Die Stadt Dessau in Sachsen-Anhalt war vor 300 Jahren ein bedeutendes jüdisches Zentrum in deutschen Landen. Berühmte Juden wie der Philosoph Moses Mendelssohn (1729-1786) und der Komponist Kurt Weill (1900-1950) waren Söhne der Stadt an der Mulde.
Weills Vater Albert hatte eine Stelle als Kantor an der Dessauer Synagoge inne. Letztere galt bis zu ihrer Zerstörung durch die Nationalsozialisten im November 1938 als eines der bedeutendsten jüdischen Gotteshäuser in Mitteldeutschland.
In DDR-Zeiten gab es kein jüdisches Leben in der Stadt. Erst 1994 wurde die Gemeinde neugegründet. Aktuell hat sie rund 260 Mitglieder. Auch dank des Engagements der Gemeindeführung um den amtierenden Vorsitzenden Alexander Wassermann wurde vor einigen Jahren das Projekt eines Neubaus der »Schul« angeschoben.
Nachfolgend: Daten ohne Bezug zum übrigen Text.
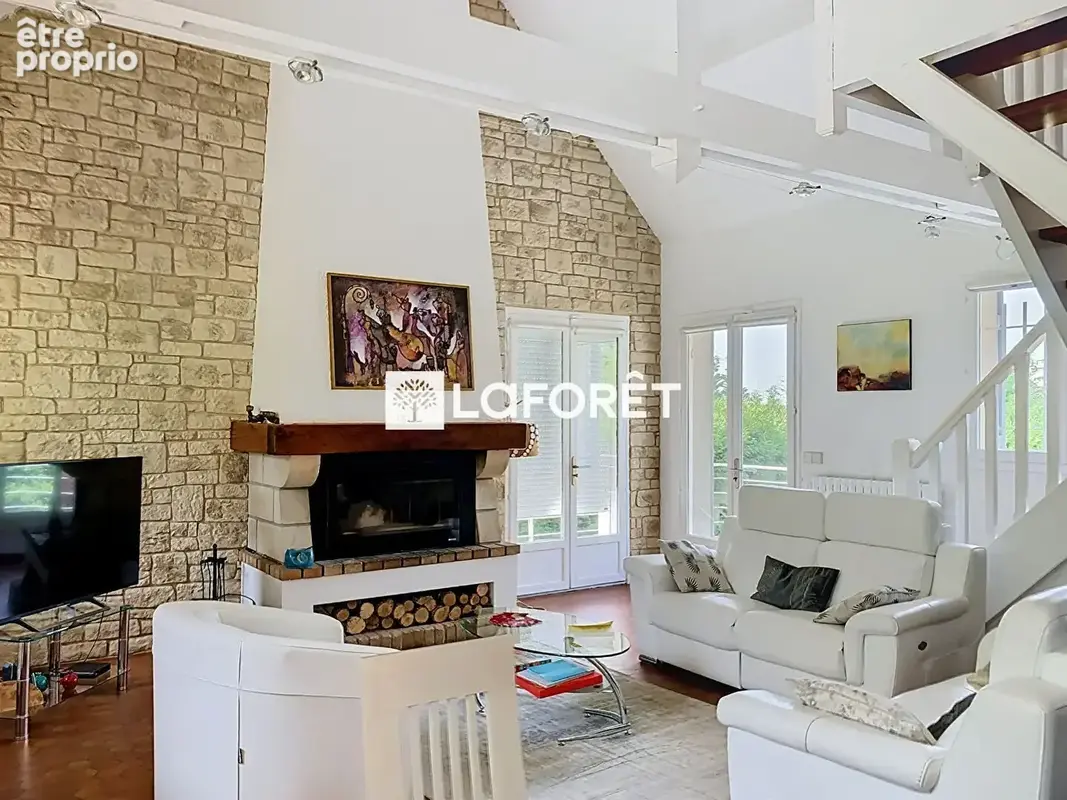 Maison de charme de 8 pièce(s) 174 m2 - photo 6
FÖRDERUNG Der Offenbacher Architekt Alfred Jacoby bekam den Zuschlag für seinen Entwurf. 2019 wurde dann der Grundstein gelegt für den Bau eines neuen Gotteshauses. Knapp 1,9 Millionen Euro soll das Gebäude kosten, der überwiegende Teil kommt aus Fördermitteln des Bundes sowie des Landes Sachsen-Anhalt. Der Rohbau der künftigen Kurt-Weill-Synagoge ist mittlerweile fertiggestellt, und am Montag kam nun Ministerpräsident Reiner Haseloff (CDU) in die Stadt, um gemeinsam mit der Jüdischen Gemeinde Richtfest zu feiern.
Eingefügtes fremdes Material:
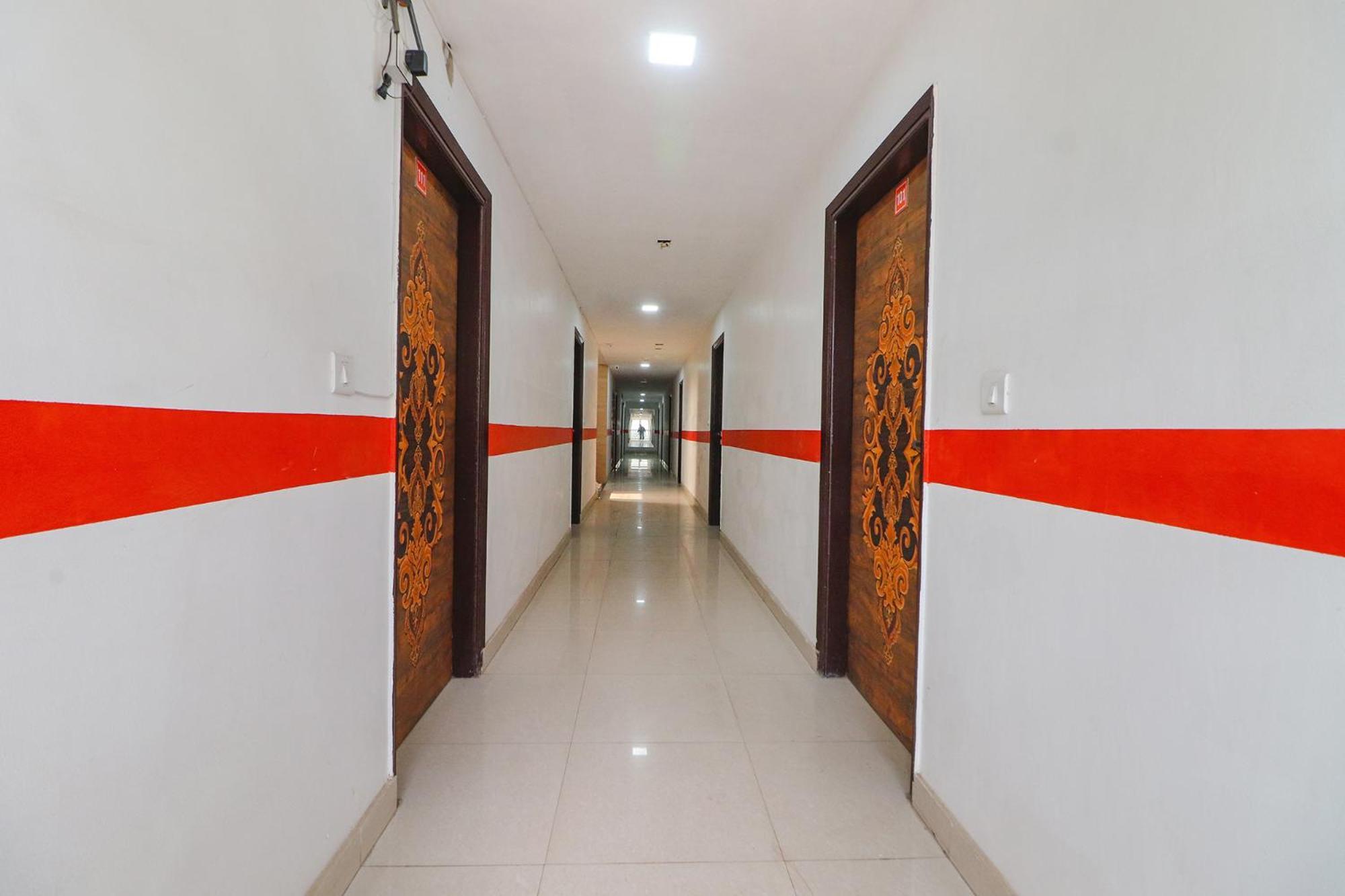 Fabexpress Abode Hotel New Delhi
Das neue Gotteshaus sei »Symbol eines Neuanfangs«, betonte Haseloff dort. Er bezeichnete es als »bewegenden Moment, wenn wir hier, an dem Ort, an dem am 9. November 1938 die alte Synagoge dem Pogrom zum Opfer fiel, endlich wieder Richtfest feiern können.« Zwar würde der Neubau die Vergangenheit nicht ungeschehen machen. Er lasse aber »deutlich werden, dass wir aus der Geschichte gelernt haben. Das Bekenntnis zu unserer Geschichte und zu der, aus ihr erwachsenden Pflicht zur Menschlichkeit haben dieses Haus möglich werden lassen«, so Haseloff weiter.
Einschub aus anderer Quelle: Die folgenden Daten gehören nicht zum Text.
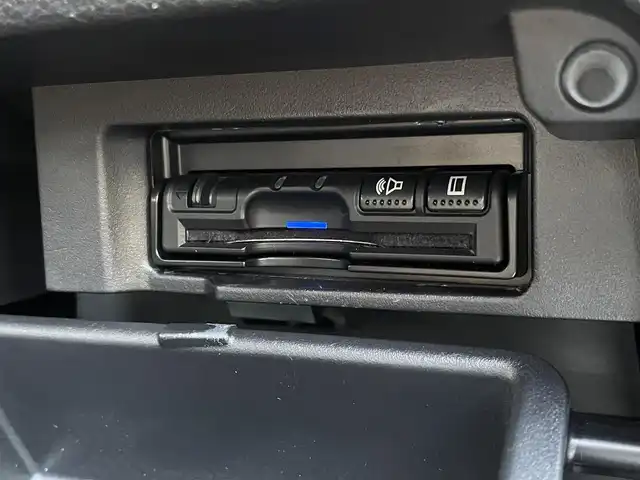 日産 セレナ e－パワー ハイウェイスター 福岡県 2018(平30)年 4.3万km ブリリアントホワイトパール 純正9型ナビ（フルセグ/SD/DVD/BT)アラウンドビューモニタープロパイロットエマージェンシーブレーキコーナーセンサー両側電動パワスラドラレコETCデジタルインナーミラシートヒーターステアリングヒーターオートホールドパーキングアシストLEDヘッドライト純正フロアマット純正アルミホイールスマートキープッシュスタート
GESELLSCHAFT Nicht nur die Dessauer jüdische Gemeinschaft, sondern die ganze Stadt und das Land bräuchten solche »architektonischen Zeichen«. Die Tora sei »ein wichtiger Fundamentstein unserer gemeinsamen Kultur und unserer Glaubenswelten«, erklärte der CDU-Politiker. Der »späte Akt des Wiederaufbaus« sei ungemein wichtig, so Haseloff, denn: »Jüdisches Leben, jüdischer Gottesdienst und jüdische Kultur gehören zu dieser Stadt und in unser Land. Der Davidstern gehört zu unserer gemeinsamen Identität.«
Das sehen wohl auch viele Dessauer so. Es habe bislang überwiegend positive Rückmeldungen aus der Bevölkerung gegeben, sagte der Sprecher der Jüdischen Gemeinde zu Dessau, Aron Russ, der Jüdischen Allgemeinen.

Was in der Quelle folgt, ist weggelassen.